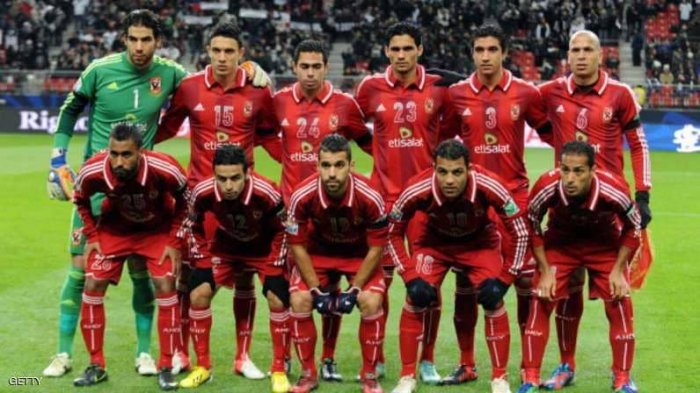 الأهلي المصري يواصل زحفه بثبات نحو الاحتفاظ باللقب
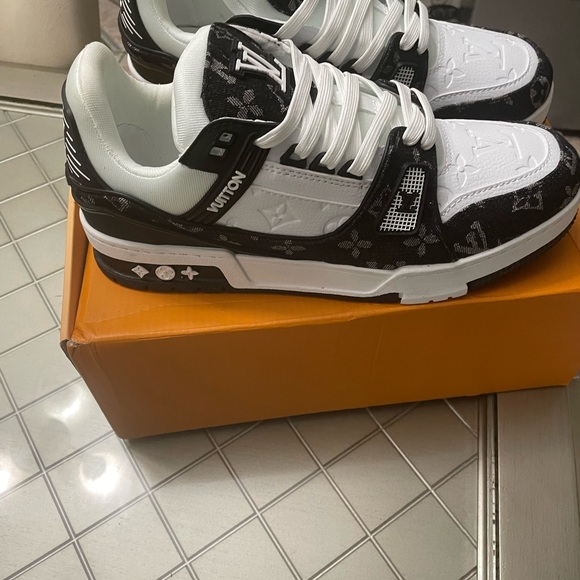 Louis Vuitton trainers - Picture 5 of 9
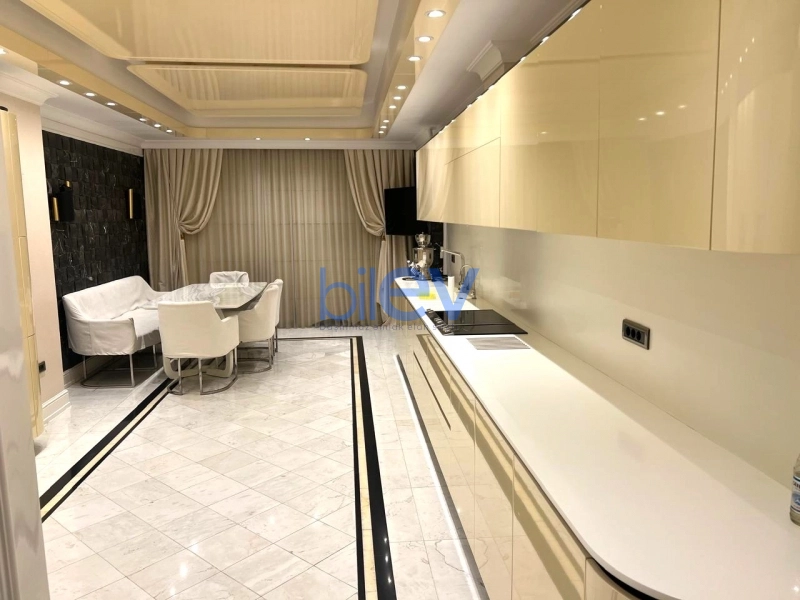 Aylıq Kirayə 5 otaqlı Yeni Tikili bina evi  400m², Bakı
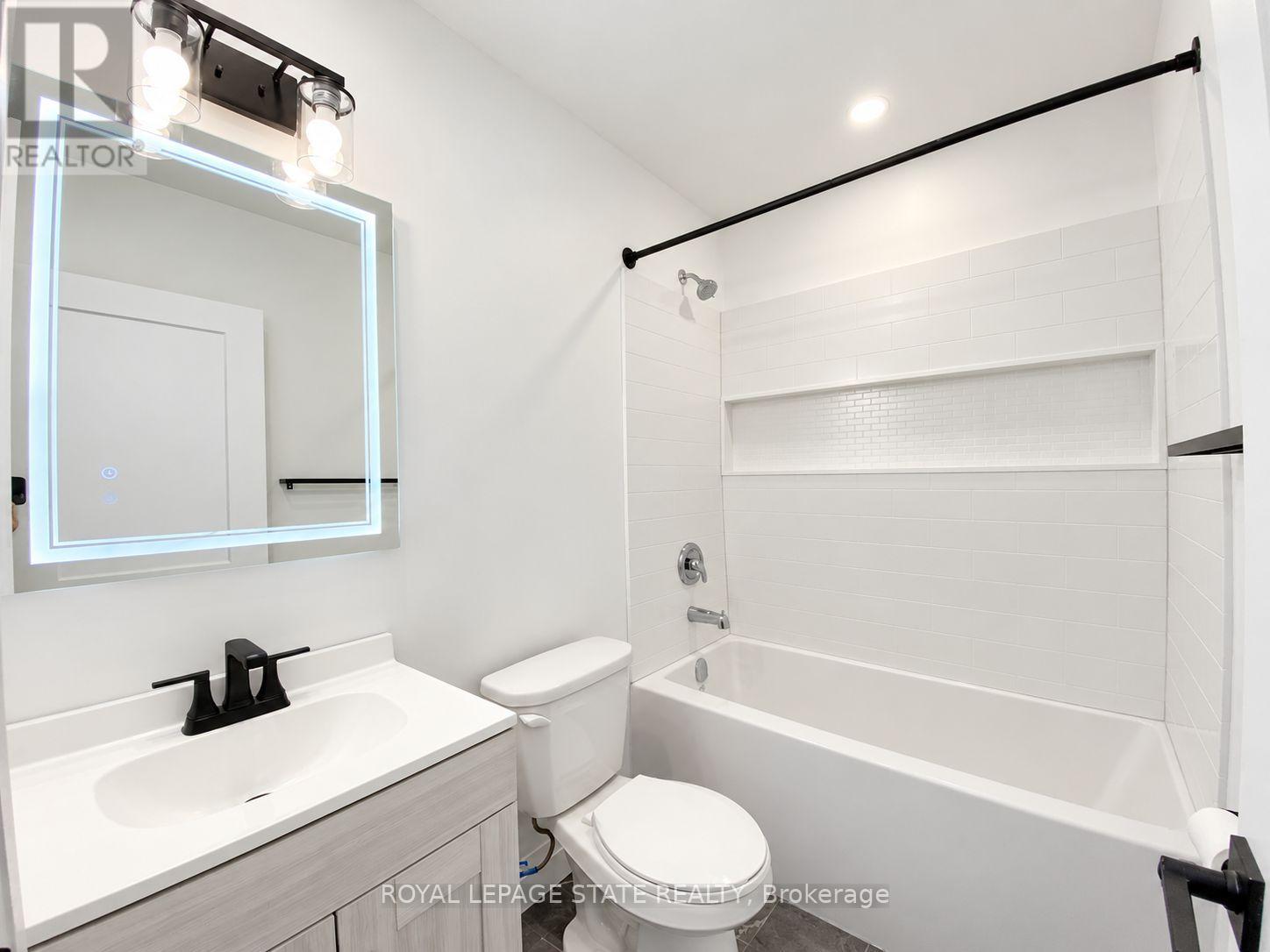 Upper - 24 Sandalwood Avenue, Hamilton, Ontario  L8T 2E3 - Photo 10 - X13768240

PROMPT:
Without including any pictures, reproduce the listing exactly.

RESULT OF THE EXERCISE:
 الأهلي المصري يواصل زحفه بثبات نحو الاحتفاظ باللقب
 Louis Vuitton trainers - Picture 5 of 9
 Aylıq Kirayə 5 otaqlı Yeni Tikili bina evi  400m², Bakı
 Upper - 24 Sandalwood Avenue, Hamilton, Ontario  L8T 2E3 - Photo 10 - X13768240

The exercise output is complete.